Mastering shares and indices
Ways to trade shares
As with any financial market, there are multiple different ways to trade shares. In this lesson, we're going to focus on two: investing and CFD trading.
Investing in stocks is one of the most well-known forms of retail trading.
When you invest, you're buying a share in a company, as we described in the Introduction to financial markets course. If the company increases in value, then your investment will increase in value too.
Stock exchanges only allow permitted personnel to buy and sell shares directly on their order books, so most retail investors use a stockbroker. Stockbrokers charge a commission to buy or sell shares on your behalf.

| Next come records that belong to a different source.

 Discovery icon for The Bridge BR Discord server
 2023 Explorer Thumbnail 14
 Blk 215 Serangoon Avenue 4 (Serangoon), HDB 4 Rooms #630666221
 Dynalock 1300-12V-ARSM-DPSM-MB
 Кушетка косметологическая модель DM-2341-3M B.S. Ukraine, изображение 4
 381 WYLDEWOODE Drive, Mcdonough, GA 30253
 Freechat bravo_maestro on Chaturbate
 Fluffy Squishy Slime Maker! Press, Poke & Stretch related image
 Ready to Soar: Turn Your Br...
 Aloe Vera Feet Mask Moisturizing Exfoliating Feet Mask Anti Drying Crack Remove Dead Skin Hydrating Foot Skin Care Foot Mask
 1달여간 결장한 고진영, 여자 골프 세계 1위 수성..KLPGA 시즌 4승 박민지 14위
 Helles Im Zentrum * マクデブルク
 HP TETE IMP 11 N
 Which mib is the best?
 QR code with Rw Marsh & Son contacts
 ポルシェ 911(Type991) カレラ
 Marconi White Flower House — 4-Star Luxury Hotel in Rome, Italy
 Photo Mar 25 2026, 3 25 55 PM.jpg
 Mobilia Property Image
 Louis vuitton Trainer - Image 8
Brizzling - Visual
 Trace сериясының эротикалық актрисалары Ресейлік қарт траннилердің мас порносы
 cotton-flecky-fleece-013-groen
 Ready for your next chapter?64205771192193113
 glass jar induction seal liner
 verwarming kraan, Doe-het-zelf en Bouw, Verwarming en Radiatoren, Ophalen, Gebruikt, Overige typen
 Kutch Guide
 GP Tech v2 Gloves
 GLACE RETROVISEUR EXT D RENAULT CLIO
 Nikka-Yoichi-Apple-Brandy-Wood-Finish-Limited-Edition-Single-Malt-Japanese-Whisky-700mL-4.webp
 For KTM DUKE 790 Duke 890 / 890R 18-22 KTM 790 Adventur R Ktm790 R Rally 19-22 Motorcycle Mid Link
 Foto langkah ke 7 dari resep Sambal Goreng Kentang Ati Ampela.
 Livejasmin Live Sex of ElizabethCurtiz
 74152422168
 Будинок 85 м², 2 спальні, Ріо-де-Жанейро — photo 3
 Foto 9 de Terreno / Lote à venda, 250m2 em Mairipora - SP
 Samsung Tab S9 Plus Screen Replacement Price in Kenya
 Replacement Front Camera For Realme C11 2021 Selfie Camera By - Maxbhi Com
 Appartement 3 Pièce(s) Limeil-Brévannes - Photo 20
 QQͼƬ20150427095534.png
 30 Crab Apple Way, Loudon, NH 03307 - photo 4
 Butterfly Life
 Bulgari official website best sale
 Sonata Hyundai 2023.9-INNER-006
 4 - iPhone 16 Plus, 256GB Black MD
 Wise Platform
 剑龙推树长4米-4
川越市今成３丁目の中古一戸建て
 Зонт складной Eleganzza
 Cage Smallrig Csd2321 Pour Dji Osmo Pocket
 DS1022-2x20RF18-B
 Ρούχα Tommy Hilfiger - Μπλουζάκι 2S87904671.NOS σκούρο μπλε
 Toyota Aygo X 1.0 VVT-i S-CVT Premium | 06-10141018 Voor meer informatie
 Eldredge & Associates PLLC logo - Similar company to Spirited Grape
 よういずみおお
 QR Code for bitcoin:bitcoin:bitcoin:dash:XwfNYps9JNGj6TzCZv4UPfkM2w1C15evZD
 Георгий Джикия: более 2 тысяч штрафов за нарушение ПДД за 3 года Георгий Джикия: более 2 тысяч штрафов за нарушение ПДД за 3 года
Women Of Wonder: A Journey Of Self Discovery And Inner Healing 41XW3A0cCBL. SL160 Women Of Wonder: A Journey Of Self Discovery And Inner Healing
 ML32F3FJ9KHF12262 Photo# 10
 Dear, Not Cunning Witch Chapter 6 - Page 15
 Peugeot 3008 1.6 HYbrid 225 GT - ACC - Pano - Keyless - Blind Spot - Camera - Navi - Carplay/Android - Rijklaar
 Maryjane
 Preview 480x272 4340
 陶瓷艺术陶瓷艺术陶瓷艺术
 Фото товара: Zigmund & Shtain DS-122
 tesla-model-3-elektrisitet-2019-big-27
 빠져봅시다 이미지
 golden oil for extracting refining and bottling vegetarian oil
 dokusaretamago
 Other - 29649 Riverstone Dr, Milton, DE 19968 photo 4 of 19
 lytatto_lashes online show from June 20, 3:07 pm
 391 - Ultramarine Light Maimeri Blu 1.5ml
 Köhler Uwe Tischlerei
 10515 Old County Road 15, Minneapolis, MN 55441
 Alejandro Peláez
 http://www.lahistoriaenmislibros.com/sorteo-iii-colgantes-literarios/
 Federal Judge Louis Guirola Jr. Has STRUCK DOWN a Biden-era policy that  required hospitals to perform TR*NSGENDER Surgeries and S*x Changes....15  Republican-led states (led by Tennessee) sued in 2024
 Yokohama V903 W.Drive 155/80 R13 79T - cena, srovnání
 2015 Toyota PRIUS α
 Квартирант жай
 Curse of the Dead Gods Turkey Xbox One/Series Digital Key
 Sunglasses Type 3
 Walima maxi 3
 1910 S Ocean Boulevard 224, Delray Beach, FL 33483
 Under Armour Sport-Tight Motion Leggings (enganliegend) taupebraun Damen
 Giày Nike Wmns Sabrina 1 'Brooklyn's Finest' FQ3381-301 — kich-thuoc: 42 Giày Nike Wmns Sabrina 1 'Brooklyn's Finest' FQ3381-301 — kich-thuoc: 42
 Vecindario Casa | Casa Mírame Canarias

One significant benefit of investing is that you can receive dividends, which enable you to achieve a return from your stock without selling it.
What is a dividend?
A dividend is a portion of a company's profits that they pay back to shareholders. Many companies will choose to reward investors by paying a regular dividend: usually monthly, quarterly or annually. Some may also pay one-off special dividends, often after a period of particularly strong performance.
While they're usually paid out of net profits, sometimes you'll see a business pay a dividend despite a drop in earnings, to maintain demand for their stock.
How much you'll get from a dividend depends on how many shares you own. If you own 500 shares in a company that pays a dividend of 50 pence per share, for instance, you'll receive £250.
You could even build a portfolio that only targets returns from dividends, looking for stable blue chips that don't offer much growth but do make steady payments to investors. This is a called a dividend strategy.
Stocks tend to follow a set timeline when they pay dividends, from announcing the dividend on the announcement date to paying investors on the payment date.
Perhaps the most important day to remember, though, is the ex-dividend date (ex-date). You must invest in a company before the ex-date to be eligible for its dividend. Anyone that buys stock after will miss out.
We'll cover dividends in more detail in the corporate actions lesson.
Share CFDs are a little bit different to buying shares with a stockbroker. As we covered in the How to trade course, they enable you to speculate on a market's price movements without owning the underlying asset.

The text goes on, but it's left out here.